L’ECO DEI BOMBARDAMENTI
L'aria è stata squarciata da bombardamenti aerei effettuati da apparati e mezzi bellici degli Stati Uniti e del Regno Unito su posizioni dei ribelli Huthi nello Yemen. Questi ribelli, sciiti, sono il braccio armato ,nella regione, dell'Iran. E' stata un'azione decisa e concordata, mossa dalla necessità di difendere il traffico marittimo nel Mar Rosso, bersaglio di incessanti attacchi. Questi, infatti, sono dichiarati come un sostegno ai palestinesi nella Striscia di Gaza, sconvolta dalla guerra tra Israele e Hamas. L'interesse degli stati occidentali è quello del ritorno allo status quo ante, per garantire la libera circolazione di uomini e merci nelle rotte del mar Rosso.
UN FRONTE INTERNAZIONALE
L'operazione, condotta in un contesto di elevata tensione regionale, ha visto l'azione congiunta di Washington, Londra e altri otto alleati, tra cui Australia, Canada e Bahrein. Una mossa strategica con lo scopo di "allentare l'escalation" e "ripristinare la pace". L'azione, ancorché ritorsiva per i continui attacchi alle navi, ha voluto essere dimostrativa e di monito ai manovratori iraniani.
IL PREZZO DEL CONFLITTO
Gli attacchi hanno lasciato dietro di loro una scia di distruzione e morte: cinque persone sono state uccise e sei ferite tra i ribelli. Ma forse, quello che colpisce di più è il numero dei raid: 73 per altrettanti obiettivi. Un numero che evoca immagini di una guerra, in medio oriente, che sembra non volere avere fine.
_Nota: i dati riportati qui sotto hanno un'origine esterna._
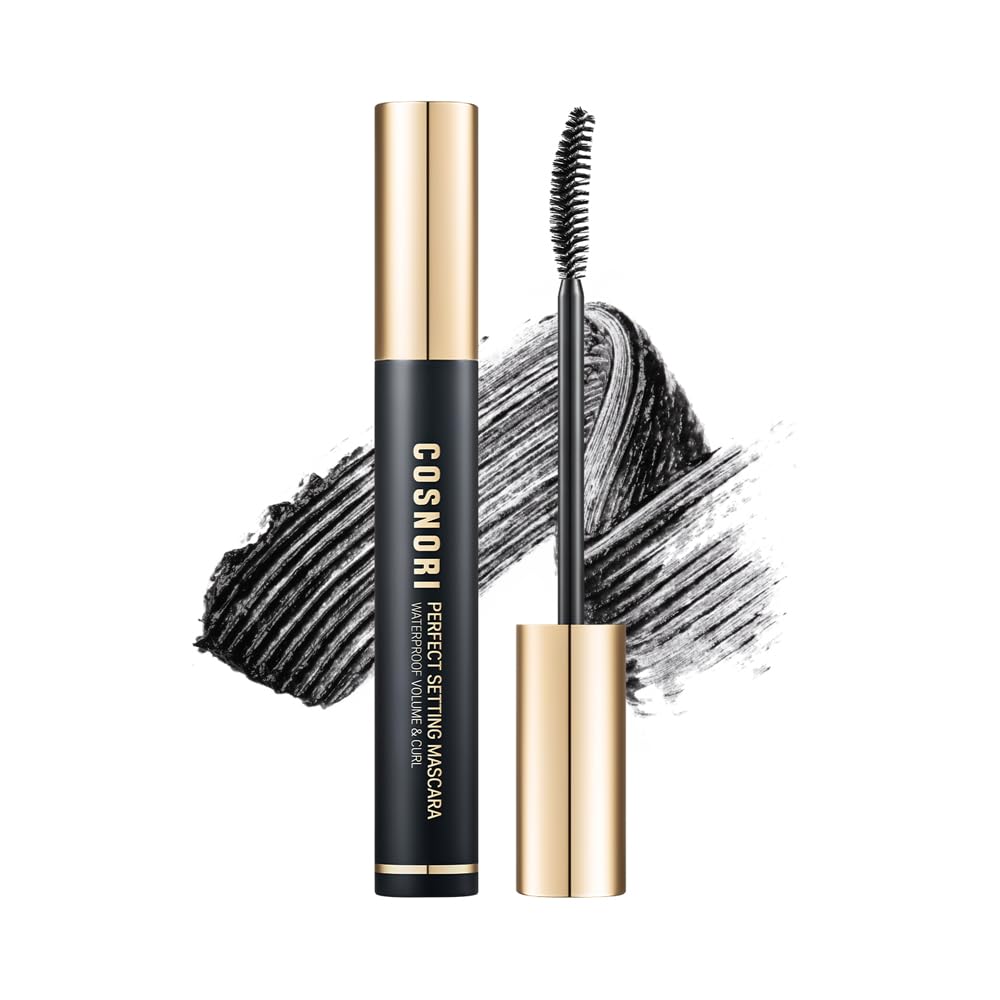 Cosnori Perfect Setting Waterproof Mascara - Volumizing, Curling, Smudge-Proof, Black 0.24 Fl.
LE REAZIONI INTERNAZIONALI
Le voci di condanna non si sono fatte attendere. La Russia ha stigmatizzato l'operazione, bollata, come di consueto, come un ulteriore esempio della “distorsione delle risoluzioni del Consiglio di sicurezza dell’Onu e del totale disprezzo del diritto internazionale” da parte delle potenze occidentali. Ha convocato, con procedura d'urgenza per domani , il Consiglio di sicurezza. Anche la Cina ha espresso preoccupazione, invitando tutte le parti a evitare un'escalation del conflitto.
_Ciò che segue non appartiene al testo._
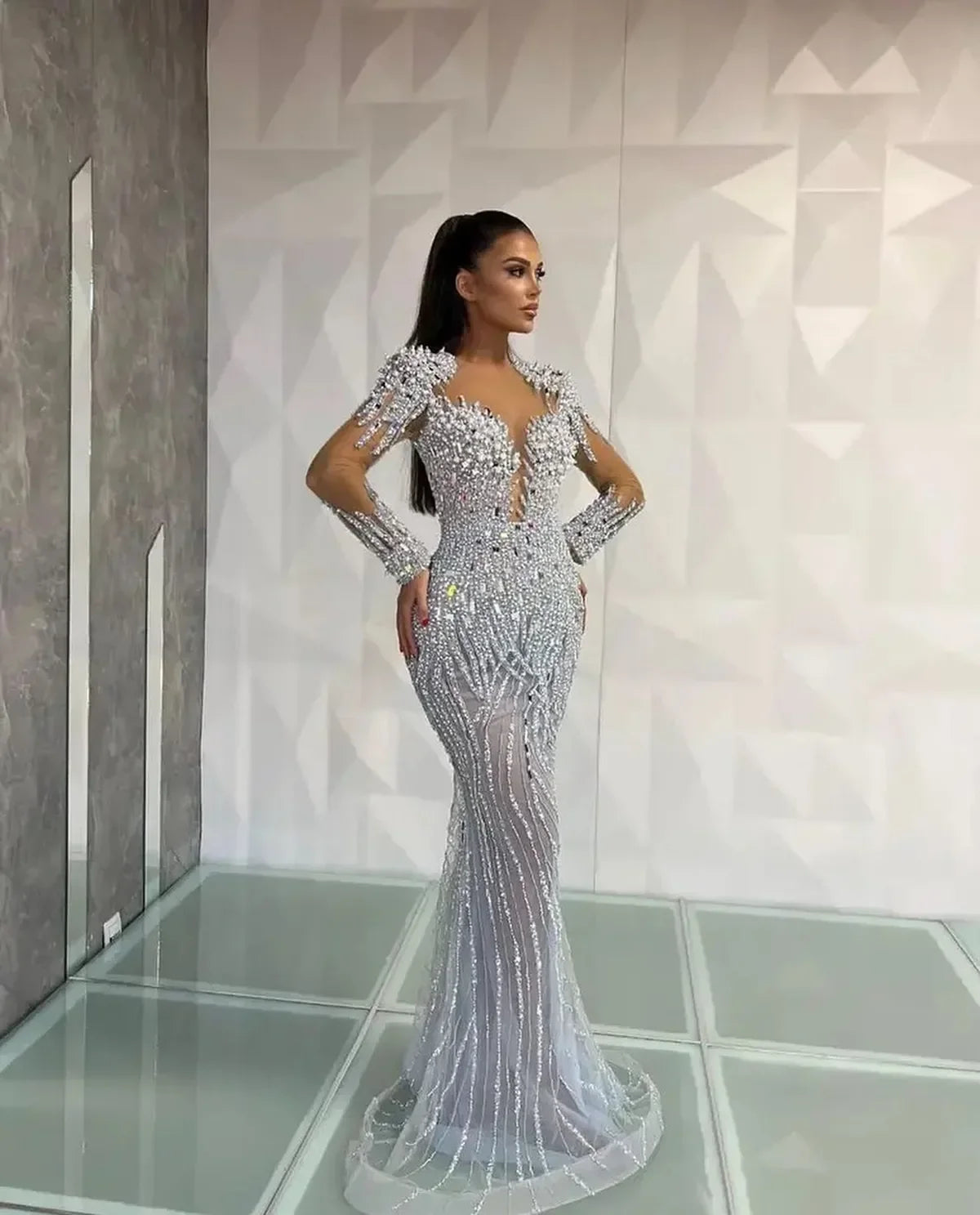 Customized Gorgeous Mermaid Prom Dresses Long Sleeves Illusion Shining Sequins Beads Pleats Court Gown Plus Size Party Dress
GLI EFFETTI SUL COMMERCIO MARITTIMO
Questa guerra non coinvolge solo politica e diritti umani. Il commercio internazionale è in ginocchio. Gli attacchi Huthi hanno spinto molti armatori a deviare le rotte marittime, con un conseguente aumento dei costi e dei tempi di trasporto tra Europa e Asia. Con il Mar Rosso che rappresenta l'arteria per il 12% del commercio mondiale, l'impatto economico globale potrebbe essere significativo. Intanto gli effetti cominciano a farsi sentire: la fabbrica di auto elettriche Tesla di Berlino ha fermato la produzione per mancanza di componenti. Molte industrie italiane stanno subendo rincari su semilavorati ,componenti e merci dal 20 al 30% e più a causa del rincaro dei trasporti, dovendo le navi fare il periplo dell'Africa per trasportare le merci in Europa. Senza calcolare il disastro annunciato per le difficoltà di approviggionamento delle fonti energetiche, gas e petrolio, che dal golfo persico passano dal canale di Suez. L'attività dei ribelli rischia di provocare una nuova crisi energetica in Europa con conseguente recessione. Questo è il quadro a fronte del quale Stati Uniti e Gran Bretagna, col supporto di altre nazioni europee ,compresa l'Italia, operano nel teatro dello stretto di Hormuz e del mar Rosso. Non abbiamo bisogno di un epilogo. Questa storia, purtroppo, non è ancora finita. L'Occidente non può restare a guardare. I suoi interessi e la sua civiltà vanno difesi ora ,prima che arrivi il peggio, nel mar Rosso.